Liturgical drama was fully developed in the 12th century. At first these dramatic
renderings were presented in Latin but as they increased in popularity, they
were presented in the vernacular.
Liturgical dramas represented dimensions of the life of Christ. A play bringing
the shepherd to the crib of the infant was introduced at Christmas. An Epiphany
play introduced the three kings and even a mechanical star. The first Passion
Play developed in the 13th century.
What is a Passion Play?
The passion play began in the Middle Ages and was originally a work depicting
Christ's passion or crucifixion. It was performed from about the 13th century
onward. In its later manifestations, it came to include both Passion and Resurrection.
The form gradually died in popularity after the 16th and 17th centuries, but
it remains locally popular.
At the same time the "plots" developed, the staging of the plays
became more elaborate, which made it difficult to confine them to their traditional
area: the choir portion of the church. As they grew more elaborate, the performances
began to extend physically down the nave, using appropriate portions of the
church as needed. At this point, however, they were still confined to the
church, both physically and in subject matter.
Miracle Plays
Eventually, dramatic representations moved out of the church altogether--and
this simple move brought massive changes to the face of drama. First, they
were produced in the churchyard itself and then later they moved into an even
larger space, traditionally the marketplace of the town or even a convenient
meadow.
Once outside the church, the vernacular ousted Latin and the focus of the
story moved away from just the liturgy to encompass the whole range of sacred
history from the Creation to the Last Judgment. Drama began to present the
entire range of religious history.
Presentation of the plays outdoors became dependent upon on the weather, so
they could no longer be acted on all of the different chuch festivals. The
establishment of the feast of Corpus Christi (May or June) in 1264
provided a suitable day for play presentation.

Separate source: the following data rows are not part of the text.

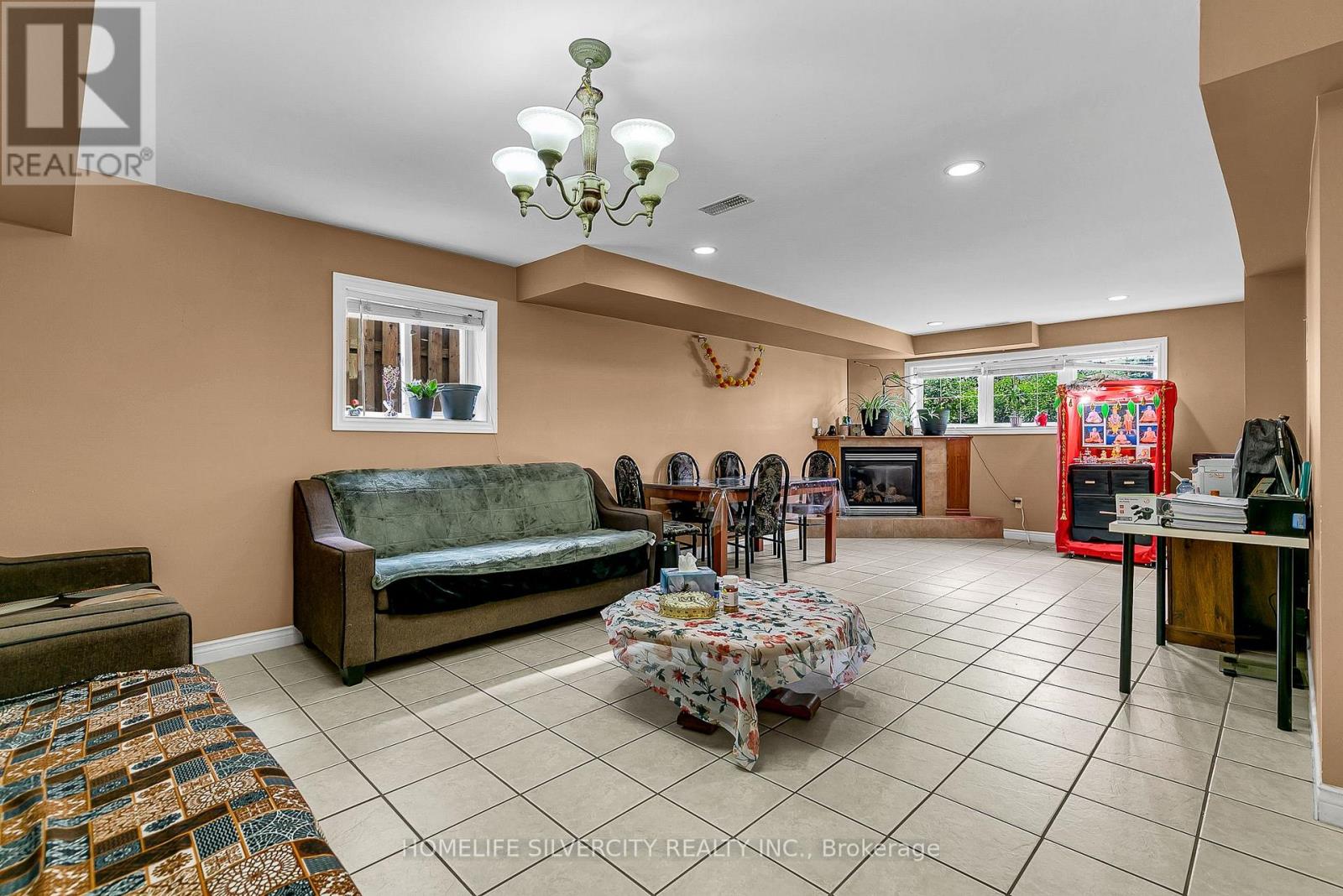 139 Amycroft Drive, Lakeshore, Ontario  N9K 1E6 - Photo 23 - X12190120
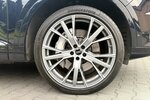Audi Q7 3.0 TDI e-tron quattro / Panorama / Kamera 179.000 km 31.500 € Mönchengladbach 41066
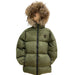 Refrigiwear giubbino bambino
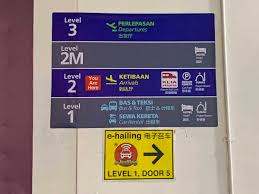 Check spelling or type a new query. Kuala Lumpur Reise Guide Sehenswurdigkeiten Highhlights Tipps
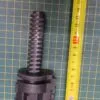 Ножка Gorenje Hansa 948641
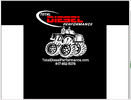 Filename=Black_Shirt_RedWhite_Logo.jpg
Filesize=88KB
Dimensions=600x457
Date added=Sep 21, 2007 Black_Shirt_RedWhite_Logo.jpg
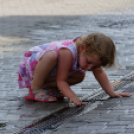 Kult-Utca - Napkeleti Délután (Fotó: Horváth Attila)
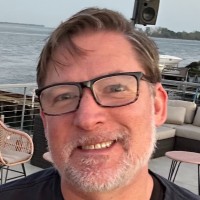 Steven Nicholson Email & Phone Number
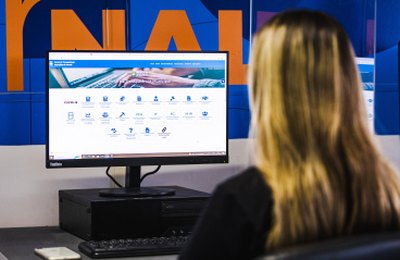 Controladoria Geral do Município constrói plano anual de auditoria interna para 2024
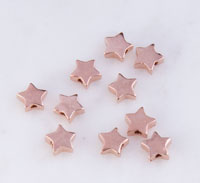 6mm Star Slide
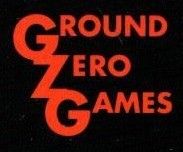 Ground Zero Games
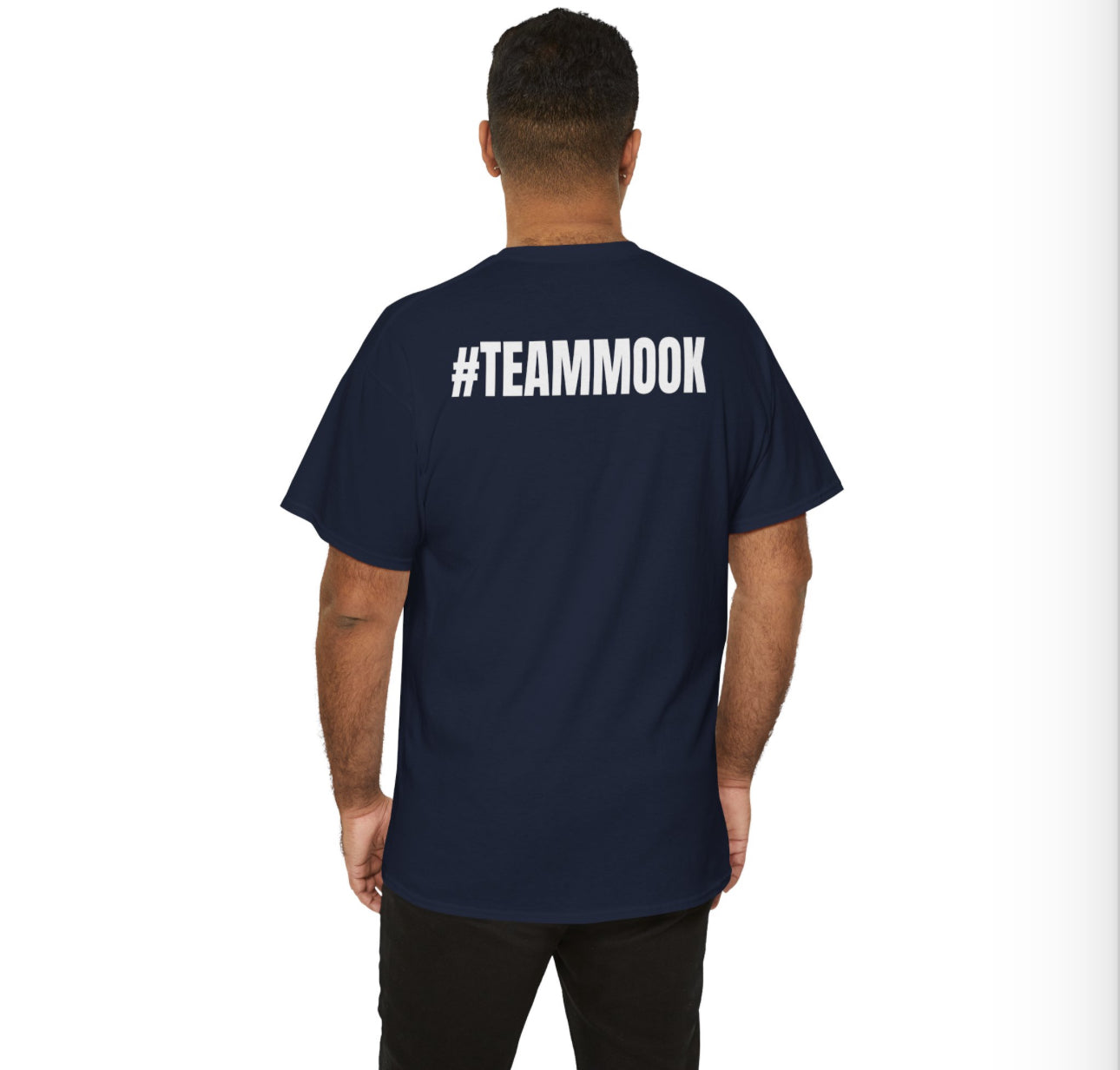LIMITED EDITION BULLETPROOF SHIRTS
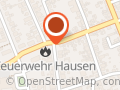 Tankprofi Tankreinigung und Demontage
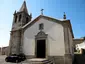 Igreja de São Pedro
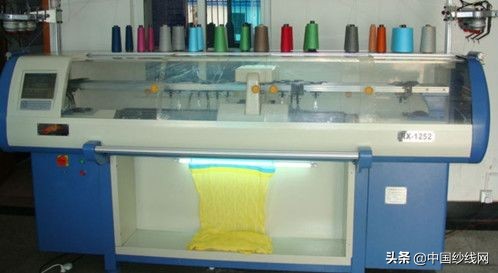 鏈嶈闈㈡枡鍩虹鐭ヨ瘑澶у叏,鏈嶈闈㈡枡鍩虹鐭ヨ瘑鑰冭瘯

Corpus Christi was a good choice because it was warm but also because
it involved a professional observance with the Host carried about and displayed
at various stations. Dramas were generally given on wagons or pageant carts,
which were in effect moving stages. Each pageant cart presented a different
scene of the cycle and the wagons followed each other, repeating their scenes
at successive stations. Carts were often very elaborate, equipped with a changing
room, a stage proper, and two areas which represented hell (usually a painted
dragon's head) and heaven (a balcony). Stage machinery and sound effects became
integral parts of the plotting.
When the plays moved outdoors, who controlled them also changed. Trade or
craft guilds -- important in many ways to social and economic life in the
Middle Ages-- took over sponsoring the plays, making them more secular. In
fact, each pageant became the province of a particular guild. For example,
at York The Fall of Man was presented by the coopers and
The Last Supper by the bakers.
Liturgical drama, confined to the church and designed to embellish the ecclesiastical
ritual, thus gave way to plays in English, performed in the open and separated
from the liturgy though still religious in subject matter. Such early plays
are known as miracle or mystery plays.
Miracle Plays vs. Mystery Plays
Critics tend to distinguish between miracle and mystery plays:
• Miracle plays had as their subject a story from
the Scriptures or the life and martyrdom of a saint.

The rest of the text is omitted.